3 more quick recipes

Rice Bowl with Sauced Beef

MAKES: 4 or 5 servings

1. In a 2- to 3-quart pan over high heat, bring 4 cups water and 1/4 cup prepared Asian peanut sauce to a boil. Stir in 4 cups precooked dried white rice and 1 cup shredded carrots. Cover, remove from heat, and let stand until liquid is absorbed, 5 to 7 minutes.

2. Meanwhile, in a bowl, mix 3/4 pound thinly sliced fat-trimmed cooked tender beef (such as ribeye or tenderloin) and 6 tablespoons prepared Asian peanut sauce.

3. Spoon rice into bowls and top equally with sliced beef and 1/2 cup thinly sliced green onions. Add more prepared Asian peanut sauce to taste.
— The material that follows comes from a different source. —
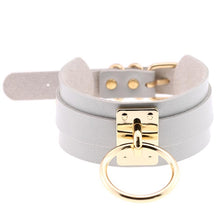 Load image into Gallery viewer, European and American Harajuku PU Leather Gold Single Ring Collar Wide Street-Snap Nightclub O-shaped Choker Necklace, Gold Ring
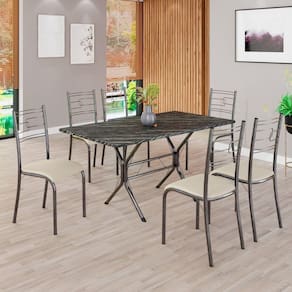 Conjunto Sala de Jantar Mesa Retangular 140x75cm Tampo Madeira Mdp Ardósia Indiana 6 Cadeiras Paraty Creme / Mart Prata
Per serving: 527 cal., 19% (99 cal.) from fat; 28 g protein; 11 g fat (3.8 g sat.); 74 g carbo (3.3 g fiber); 773 mg sodium; 54 mg chol.

Peanut-Coconut Soup with Shrimp

MAKES: 4 servings

1. In a 2- to 3-quart pan Over high heat, frequently stir 1 can (14 1/2 oz.; 1 3/4 cup) fat-skimmed chicken broth, 1 can (14 oz.) reduced-fat coconut milk, 5 tablespoons prepared Asian peanut sauce, and 1 cup frozen peas until mixture is simmering. Add 1/2 pound (26 to 30 per lb.) rinsed peeled, deveined shrimp.

2. Cover and remove from heat. Let stand until shrimp are opaque but still moist-looking in center of thickest part (cut to test), 3 to 4 minutes. Ladle soup into bowls and garnish with chopped green onions. Serve with lime wedges to squeeze into soup to taste.

Per serving: 208 cal., 36% (74 cal.) from fat; 19 g protein; 8.2 g fat (4 g sat.); 13 g carbo (2 g fiber); 626 mg sodium; 86 mg chol.

Oodles of Noodles Salad

MAKES: 6 servings

Mix 8 cups cold cooked fresh linguine (about 1 lb., 2 oz. uncooked) with 2 1/2 cups shredded skinned cooked chicken and 1 cup each prepared Asian peanut sauce, thinly sliced red bell pepper, and fresh cilantro leaves. Mound onto plates and top servings equally with 1 cup chopped papaya. Serve with lime wedges to squeeze over salads to taste.

Per serving: 464 cal., 19% (90 cal.) from fat; 31 g protein; 10 g fat (2.1 g sat.); 60 g carbo (3.7 g fiber); 1,020 mg sodium; 114 mg chol.